=== Section Start ===
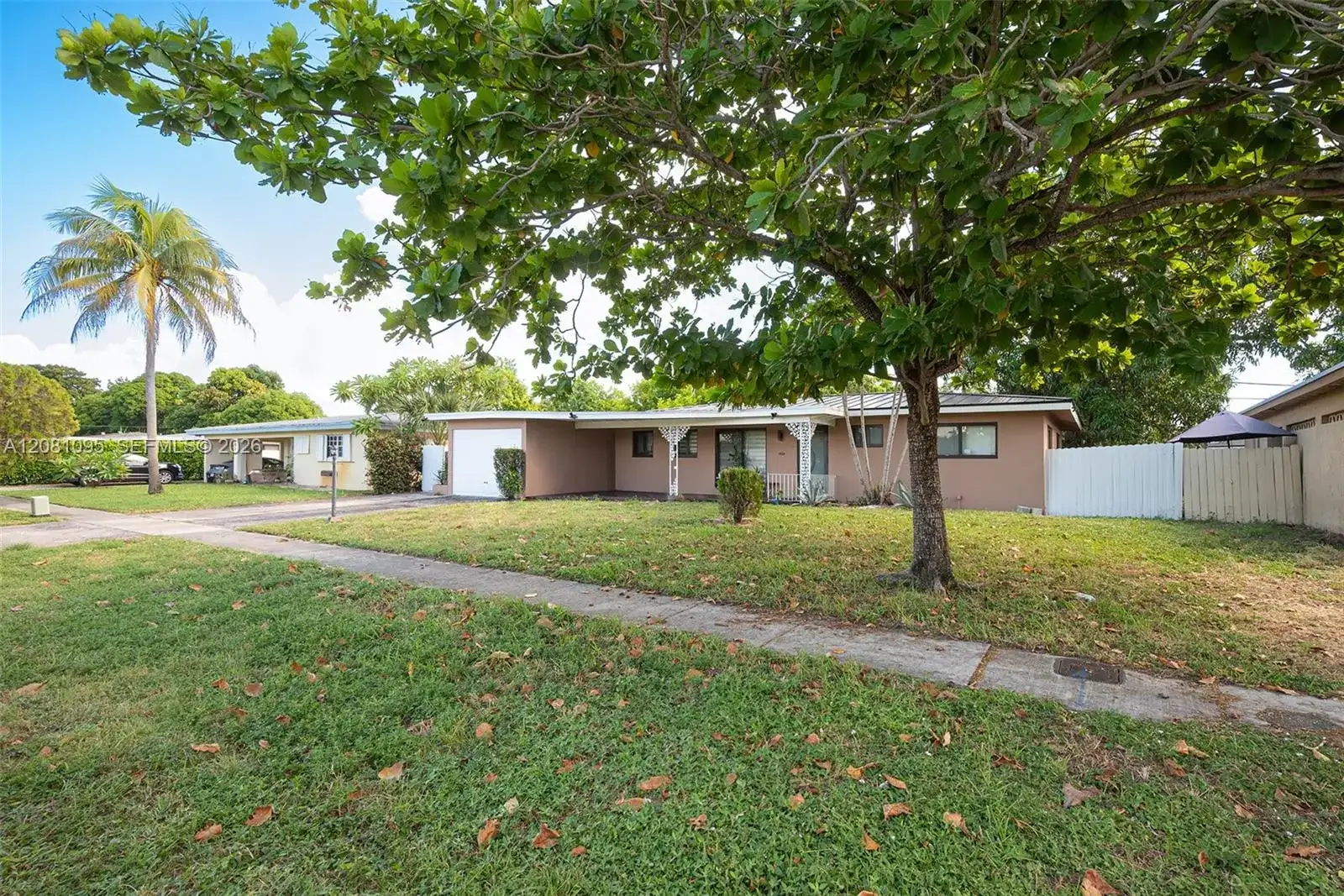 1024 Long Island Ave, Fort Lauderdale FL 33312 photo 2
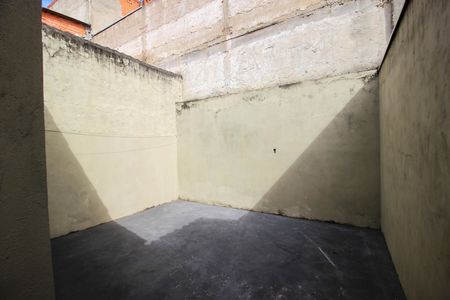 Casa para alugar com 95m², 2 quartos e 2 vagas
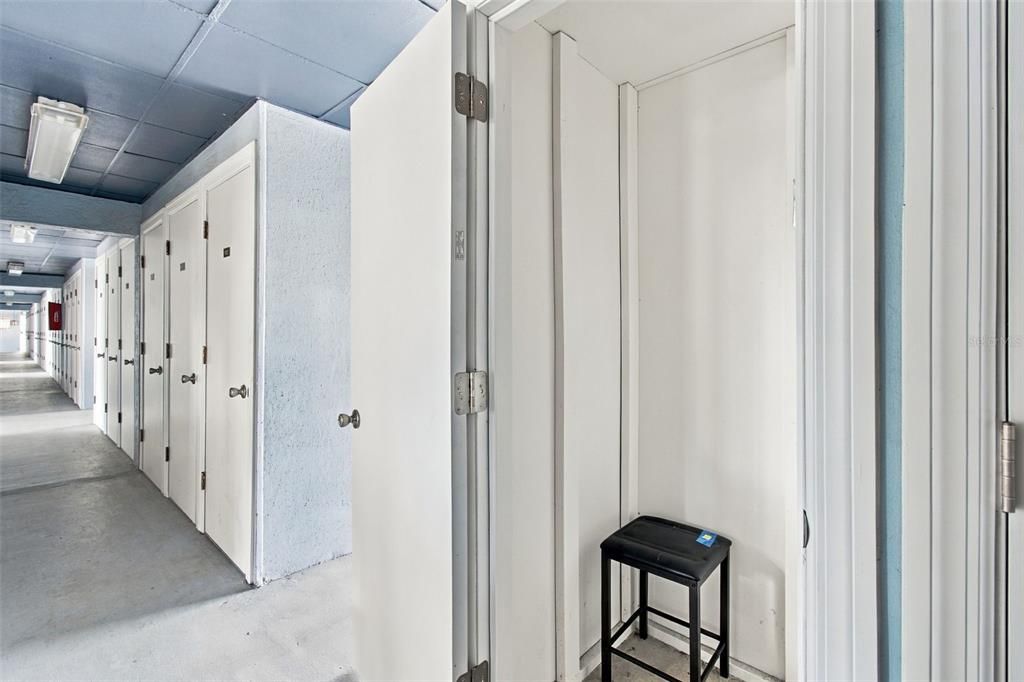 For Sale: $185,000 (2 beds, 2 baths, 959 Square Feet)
=== Section End ===
Repeat the listing verbatim without its pictures.

 1024 Long Island Ave, Fort Lauderdale FL 33312 photo 2
 Casa para alugar com 95m², 2 quartos e 2 vagas
 For Sale: $185,000 (2 beds, 2 baths, 959 Square Feet)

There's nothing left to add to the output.